Which lines run from the one containing "faire du bateau sur la rivière Sarthe" to the end of the material below? Retype exactly those, both ends included, and nothing else.

# Input data
[Start of section]

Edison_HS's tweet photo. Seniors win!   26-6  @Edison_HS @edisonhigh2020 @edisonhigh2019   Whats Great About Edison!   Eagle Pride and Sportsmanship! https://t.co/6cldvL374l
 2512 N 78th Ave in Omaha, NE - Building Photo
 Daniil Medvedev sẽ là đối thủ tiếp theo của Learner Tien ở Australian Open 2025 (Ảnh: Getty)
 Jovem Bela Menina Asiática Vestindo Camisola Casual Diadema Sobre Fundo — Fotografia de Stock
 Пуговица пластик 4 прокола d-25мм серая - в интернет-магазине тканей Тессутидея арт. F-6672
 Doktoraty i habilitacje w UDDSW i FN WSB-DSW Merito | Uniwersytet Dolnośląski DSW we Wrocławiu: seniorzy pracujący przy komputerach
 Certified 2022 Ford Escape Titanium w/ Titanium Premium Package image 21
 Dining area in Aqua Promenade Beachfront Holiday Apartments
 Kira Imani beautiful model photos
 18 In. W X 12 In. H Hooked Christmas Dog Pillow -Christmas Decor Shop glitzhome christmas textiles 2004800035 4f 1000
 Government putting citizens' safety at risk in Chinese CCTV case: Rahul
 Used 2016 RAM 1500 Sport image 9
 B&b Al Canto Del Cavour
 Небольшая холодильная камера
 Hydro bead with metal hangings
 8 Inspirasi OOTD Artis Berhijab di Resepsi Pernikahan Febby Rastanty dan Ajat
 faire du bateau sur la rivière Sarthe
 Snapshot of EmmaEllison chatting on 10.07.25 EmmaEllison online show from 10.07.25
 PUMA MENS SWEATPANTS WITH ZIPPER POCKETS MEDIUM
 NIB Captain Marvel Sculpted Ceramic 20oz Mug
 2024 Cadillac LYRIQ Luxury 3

[End of section]

# Result
 faire du bateau sur la rivière Sarthe
 Snapshot of EmmaEllison chatting on 10.07.25 EmmaEllison online show from 10.07.25
 PUMA MENS SWEATPANTS WITH ZIPPER POCKETS MEDIUM
 NIB Captain Marvel Sculpted Ceramic 20oz Mug
 2024 Cadillac LYRIQ Luxury 3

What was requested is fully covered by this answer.